Data section>

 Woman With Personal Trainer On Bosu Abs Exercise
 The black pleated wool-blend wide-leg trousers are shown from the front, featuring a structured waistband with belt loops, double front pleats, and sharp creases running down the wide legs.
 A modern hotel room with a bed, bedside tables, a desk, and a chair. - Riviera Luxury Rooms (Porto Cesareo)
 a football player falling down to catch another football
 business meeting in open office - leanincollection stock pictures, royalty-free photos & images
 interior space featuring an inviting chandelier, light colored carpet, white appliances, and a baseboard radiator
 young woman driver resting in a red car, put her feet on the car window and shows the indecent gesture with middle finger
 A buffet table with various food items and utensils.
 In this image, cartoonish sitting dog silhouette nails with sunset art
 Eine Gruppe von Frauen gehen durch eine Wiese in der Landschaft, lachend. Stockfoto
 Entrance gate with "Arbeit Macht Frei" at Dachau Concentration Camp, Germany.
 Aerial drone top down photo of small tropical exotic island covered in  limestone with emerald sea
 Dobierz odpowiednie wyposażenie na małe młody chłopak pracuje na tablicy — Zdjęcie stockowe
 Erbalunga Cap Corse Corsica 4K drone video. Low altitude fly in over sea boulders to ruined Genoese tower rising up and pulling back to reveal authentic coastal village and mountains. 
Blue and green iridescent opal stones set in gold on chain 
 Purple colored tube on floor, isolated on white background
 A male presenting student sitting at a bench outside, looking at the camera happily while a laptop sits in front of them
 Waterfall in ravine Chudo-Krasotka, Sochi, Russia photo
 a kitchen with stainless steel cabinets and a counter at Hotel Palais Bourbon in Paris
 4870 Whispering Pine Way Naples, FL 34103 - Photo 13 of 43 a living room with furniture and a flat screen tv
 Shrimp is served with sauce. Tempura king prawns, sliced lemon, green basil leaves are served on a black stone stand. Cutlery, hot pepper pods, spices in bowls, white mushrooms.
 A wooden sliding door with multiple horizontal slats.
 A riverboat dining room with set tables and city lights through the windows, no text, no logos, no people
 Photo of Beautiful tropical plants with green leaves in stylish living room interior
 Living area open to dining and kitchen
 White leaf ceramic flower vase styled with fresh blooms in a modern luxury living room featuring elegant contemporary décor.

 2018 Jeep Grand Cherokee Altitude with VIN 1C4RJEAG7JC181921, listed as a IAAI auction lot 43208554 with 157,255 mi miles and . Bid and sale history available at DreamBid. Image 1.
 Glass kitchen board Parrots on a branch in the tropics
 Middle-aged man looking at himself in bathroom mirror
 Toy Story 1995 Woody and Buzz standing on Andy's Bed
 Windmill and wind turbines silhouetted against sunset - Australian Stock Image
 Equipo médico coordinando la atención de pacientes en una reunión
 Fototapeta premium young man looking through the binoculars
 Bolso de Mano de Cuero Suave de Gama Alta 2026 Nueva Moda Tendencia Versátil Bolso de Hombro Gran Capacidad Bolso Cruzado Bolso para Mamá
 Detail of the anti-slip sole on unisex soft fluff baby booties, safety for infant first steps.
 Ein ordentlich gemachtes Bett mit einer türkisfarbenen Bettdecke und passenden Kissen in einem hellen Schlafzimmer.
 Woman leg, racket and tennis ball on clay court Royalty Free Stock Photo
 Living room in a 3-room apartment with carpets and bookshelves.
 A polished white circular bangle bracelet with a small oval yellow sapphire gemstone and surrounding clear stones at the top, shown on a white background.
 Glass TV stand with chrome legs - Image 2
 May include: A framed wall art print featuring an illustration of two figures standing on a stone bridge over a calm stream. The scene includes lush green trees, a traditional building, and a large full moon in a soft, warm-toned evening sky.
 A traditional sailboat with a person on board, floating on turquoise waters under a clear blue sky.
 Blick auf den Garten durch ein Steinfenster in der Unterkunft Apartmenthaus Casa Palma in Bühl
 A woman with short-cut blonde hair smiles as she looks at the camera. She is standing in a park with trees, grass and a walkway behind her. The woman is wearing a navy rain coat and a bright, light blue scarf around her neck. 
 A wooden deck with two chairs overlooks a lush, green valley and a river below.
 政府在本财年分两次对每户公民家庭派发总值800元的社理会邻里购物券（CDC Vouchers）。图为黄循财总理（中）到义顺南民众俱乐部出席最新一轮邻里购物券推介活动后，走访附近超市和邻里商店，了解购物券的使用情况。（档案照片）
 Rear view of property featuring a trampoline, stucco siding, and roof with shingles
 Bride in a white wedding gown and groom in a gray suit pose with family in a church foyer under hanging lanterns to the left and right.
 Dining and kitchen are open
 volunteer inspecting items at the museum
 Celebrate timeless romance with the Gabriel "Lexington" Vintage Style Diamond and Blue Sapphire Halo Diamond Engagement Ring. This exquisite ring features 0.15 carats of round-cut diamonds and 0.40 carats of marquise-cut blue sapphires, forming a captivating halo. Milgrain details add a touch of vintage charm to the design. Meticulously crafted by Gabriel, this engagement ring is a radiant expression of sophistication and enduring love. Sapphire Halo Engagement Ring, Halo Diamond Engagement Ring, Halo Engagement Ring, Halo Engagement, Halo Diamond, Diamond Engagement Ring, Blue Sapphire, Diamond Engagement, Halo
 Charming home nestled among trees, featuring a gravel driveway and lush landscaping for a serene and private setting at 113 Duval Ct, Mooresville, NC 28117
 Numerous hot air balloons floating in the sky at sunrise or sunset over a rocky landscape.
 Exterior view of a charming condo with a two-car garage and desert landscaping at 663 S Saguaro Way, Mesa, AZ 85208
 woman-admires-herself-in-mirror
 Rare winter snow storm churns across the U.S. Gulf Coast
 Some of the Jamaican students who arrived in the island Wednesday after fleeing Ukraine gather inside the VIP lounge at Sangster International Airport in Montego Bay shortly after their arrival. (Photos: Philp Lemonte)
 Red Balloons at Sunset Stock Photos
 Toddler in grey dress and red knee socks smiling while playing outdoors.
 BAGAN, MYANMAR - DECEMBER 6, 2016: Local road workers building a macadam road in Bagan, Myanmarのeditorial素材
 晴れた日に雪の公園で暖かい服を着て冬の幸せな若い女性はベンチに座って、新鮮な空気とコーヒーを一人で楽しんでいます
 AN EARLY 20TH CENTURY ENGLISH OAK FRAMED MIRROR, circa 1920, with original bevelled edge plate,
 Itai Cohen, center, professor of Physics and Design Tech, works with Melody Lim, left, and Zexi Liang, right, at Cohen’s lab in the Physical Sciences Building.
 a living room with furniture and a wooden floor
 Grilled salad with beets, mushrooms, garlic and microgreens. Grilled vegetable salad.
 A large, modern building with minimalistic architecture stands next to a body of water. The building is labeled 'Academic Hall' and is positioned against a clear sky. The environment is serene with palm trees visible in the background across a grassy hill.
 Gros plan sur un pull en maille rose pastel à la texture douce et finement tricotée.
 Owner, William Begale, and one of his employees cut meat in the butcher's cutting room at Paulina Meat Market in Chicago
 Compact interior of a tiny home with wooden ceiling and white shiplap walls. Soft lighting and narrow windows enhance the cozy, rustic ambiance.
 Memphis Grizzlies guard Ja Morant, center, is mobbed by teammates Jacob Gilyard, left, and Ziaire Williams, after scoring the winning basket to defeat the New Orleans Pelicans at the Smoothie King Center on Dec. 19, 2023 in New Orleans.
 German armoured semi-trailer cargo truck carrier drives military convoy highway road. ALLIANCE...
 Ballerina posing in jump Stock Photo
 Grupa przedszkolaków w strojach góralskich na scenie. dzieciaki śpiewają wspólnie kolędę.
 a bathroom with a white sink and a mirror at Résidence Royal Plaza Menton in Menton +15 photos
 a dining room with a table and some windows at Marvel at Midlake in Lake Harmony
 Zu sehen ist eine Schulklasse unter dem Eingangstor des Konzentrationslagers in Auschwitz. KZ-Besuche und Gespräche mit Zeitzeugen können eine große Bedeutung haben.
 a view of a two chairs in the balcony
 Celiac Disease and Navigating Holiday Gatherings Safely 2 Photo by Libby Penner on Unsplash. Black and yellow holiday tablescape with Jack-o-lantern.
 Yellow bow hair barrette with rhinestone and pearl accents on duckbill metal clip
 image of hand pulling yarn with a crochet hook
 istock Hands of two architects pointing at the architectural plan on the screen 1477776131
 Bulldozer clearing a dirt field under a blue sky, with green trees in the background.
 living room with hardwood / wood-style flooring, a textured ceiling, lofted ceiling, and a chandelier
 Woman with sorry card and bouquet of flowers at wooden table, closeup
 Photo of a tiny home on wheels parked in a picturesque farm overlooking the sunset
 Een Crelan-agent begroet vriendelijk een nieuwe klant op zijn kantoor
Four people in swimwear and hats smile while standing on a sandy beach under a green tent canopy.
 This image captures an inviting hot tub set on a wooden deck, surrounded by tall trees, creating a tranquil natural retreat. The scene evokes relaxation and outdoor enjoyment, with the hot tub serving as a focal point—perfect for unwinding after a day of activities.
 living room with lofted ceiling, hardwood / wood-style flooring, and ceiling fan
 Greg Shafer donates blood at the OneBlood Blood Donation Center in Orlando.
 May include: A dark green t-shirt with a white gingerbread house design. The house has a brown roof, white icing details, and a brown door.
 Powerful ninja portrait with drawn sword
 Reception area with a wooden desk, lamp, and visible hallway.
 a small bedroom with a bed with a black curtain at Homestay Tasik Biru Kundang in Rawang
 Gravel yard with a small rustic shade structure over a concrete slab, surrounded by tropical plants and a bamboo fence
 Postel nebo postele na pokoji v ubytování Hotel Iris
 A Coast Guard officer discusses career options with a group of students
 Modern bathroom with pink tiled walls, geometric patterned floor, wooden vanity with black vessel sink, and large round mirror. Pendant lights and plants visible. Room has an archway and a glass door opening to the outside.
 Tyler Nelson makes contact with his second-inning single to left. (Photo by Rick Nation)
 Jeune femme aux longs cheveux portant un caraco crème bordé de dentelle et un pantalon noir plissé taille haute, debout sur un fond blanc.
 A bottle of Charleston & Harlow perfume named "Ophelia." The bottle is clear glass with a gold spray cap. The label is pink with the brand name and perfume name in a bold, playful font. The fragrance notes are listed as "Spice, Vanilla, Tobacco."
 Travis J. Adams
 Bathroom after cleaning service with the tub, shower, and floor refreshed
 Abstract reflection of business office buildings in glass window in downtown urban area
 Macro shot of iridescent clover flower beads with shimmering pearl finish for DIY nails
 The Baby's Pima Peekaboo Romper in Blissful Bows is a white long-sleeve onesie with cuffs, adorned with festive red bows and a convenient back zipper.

What is expected> Among the entries, find each line that includes the string "camera" and copy it.

Expected answer>
 A male presenting student sitting at a bench outside, looking at the camera happily while a laptop sits in front of them
 A woman with short-cut blonde hair smiles as she looks at the camera. She is standing in a park with trees, grass and a walkway behind her. The woman is wearing a navy rain coat and a bright, light blue scarf around her neck. 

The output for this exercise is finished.